This commit uses the new multi insert table AM added by commit
<<CHANGE_ME>> for COPY ... FROM command.

Author: Bharath Rupireddy
Reviewed-by: Jeff Davis
Discussion: https://www.postgresql.org/message-id/CALj2ACVi9eTRYR%3Dgdca5wxtj3Kk_9q9qVccxsS1hngTGOCjPwQ%40mail.gmail.com
Discussion: https://www.postgresql.org/message-id/8633171cb034aafc260fdf37df04b6c779aa1e2f.camel%40j-davis.com
---
 src/backend/commands/copyfrom.c          | 234 +++++++++++++++--------
 src/include/commands/copyfrom_internal.h |   4 +-
 src/tools/pgindent/typedefs.list         |   1 +
 3 files changed, 158 insertions(+), 81 deletions(-)

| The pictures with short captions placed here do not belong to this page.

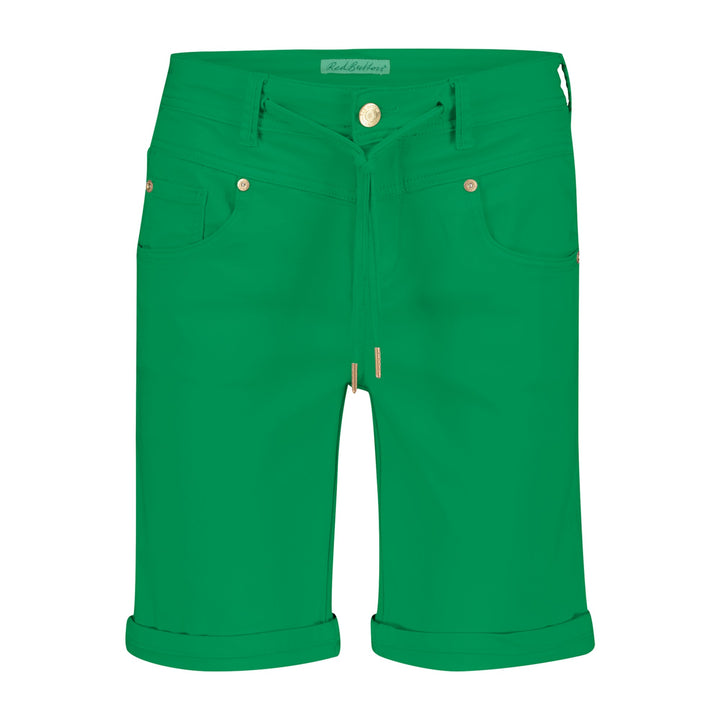 Red Button Relax Jog Shorts Dotique green front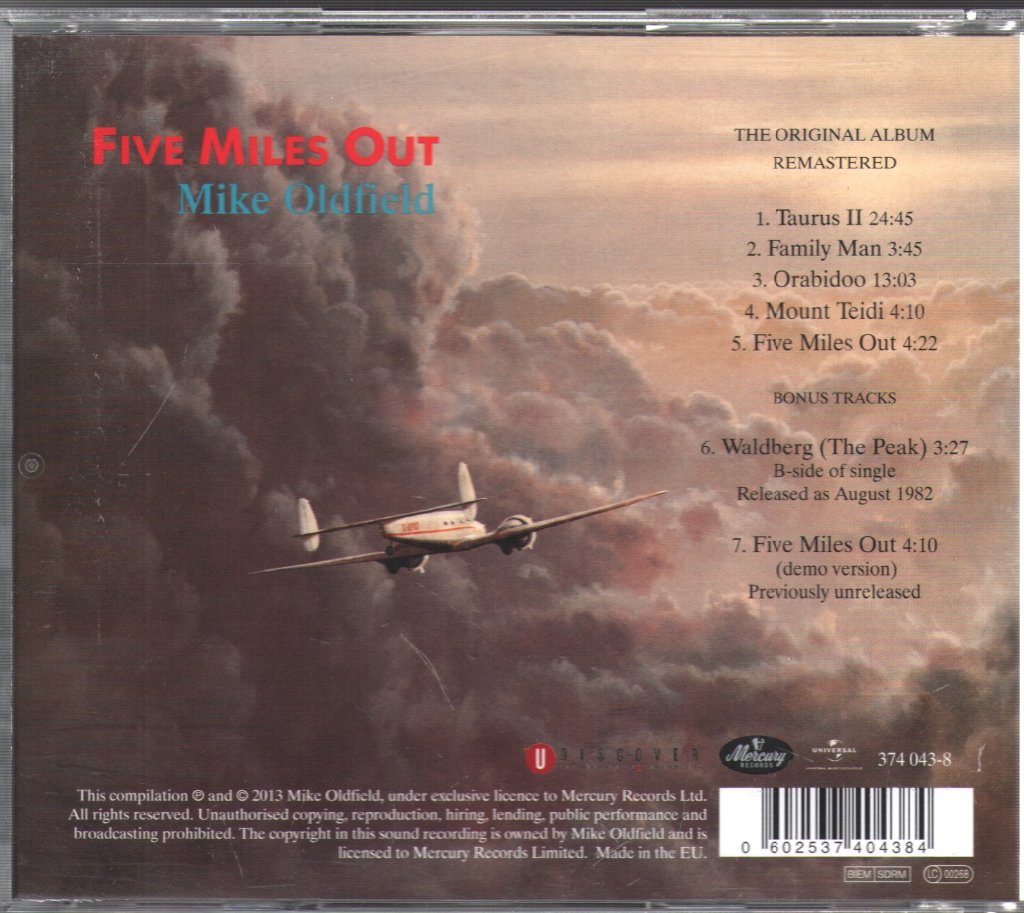 Mike Oldfield - Five Miles Out - Cd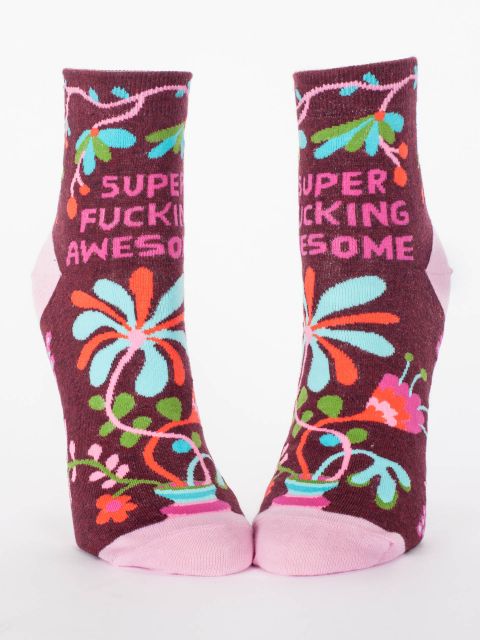 Image of Super Fucking Awesome W-Ankle Socks BLUEQ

diff --git a/src/backend/commands/copyfrom.c b/src/backend/commands/copyfrom.c
index ce4d62e707..82b6f7faa1 100644
--- a/src/backend/commands/copyfrom.c
+++ b/src/backend/commands/copyfrom.c
@@ -71,14 +71,25 @@
 /* Trim the list of buffers back down to this number after flushing */
 #define MAX_PARTITION_BUFFERS	32
 
+typedef struct CopyModifyBufferFlushContext
+{
+	CopyFromState cstate;
+	ResultRelInfo *resultRelInfo;
+	EState	   *estate;
+} CopyModifyBufferFlushContext;
+
 /* Stores multi-insert data related to a single relation in CopyFrom. */
 typedef struct CopyMultiInsertBuffer
 {
-	TupleTableSlot *slots[MAX_BUFFERED_TUPLES]; /* Array to store tuples */
+	TableModifyState *mstate;	/* Table insert state; NULL if foreign table */
+	TupleTableSlot **slots;		/* Array to store tuples */
 	ResultRelInfo *resultRelInfo;	/* ResultRelInfo for 'relid' */
-	BulkInsertState bistate;	/* BulkInsertState for this rel if plain
-								 * table; NULL if foreign table */
+	TupleTableSlot *multislot;
+	CopyModifyBufferFlushContext *modify_buffer_flush_context;
 	int			nused;			/* number of 'slots' containing tuples */
+	int			currslotno;		/* Current buffered slot number that's being
+								 * flushed; Used to get correct cur_lineno for
+								 * errors while in flush callback. */
 	uint64		linenos[MAX_BUFFERED_TUPLES];	/* Line # of tuple in copy
 												 * stream */
 } CopyMultiInsertBuffer;
@@ -99,6 +110,7 @@ typedef struct CopyMultiInsertInfo
 	int			ti_options;		/* table insert options */
 } CopyMultiInsertInfo;
 
+static void CopyModifyBufferFlushCallback(void *context, TupleTableSlot *slot);
 
 /* non-export function prototypes */
 static void ClosePipeFromProgram(CopyFromState cstate);
@@ -218,14 +230,37 @@ CopyLimitPrintoutLength(const char *str)
  * ResultRelInfo.
  */
 static CopyMultiInsertBuffer *
-CopyMultiInsertBufferInit(ResultRelInfo *rri)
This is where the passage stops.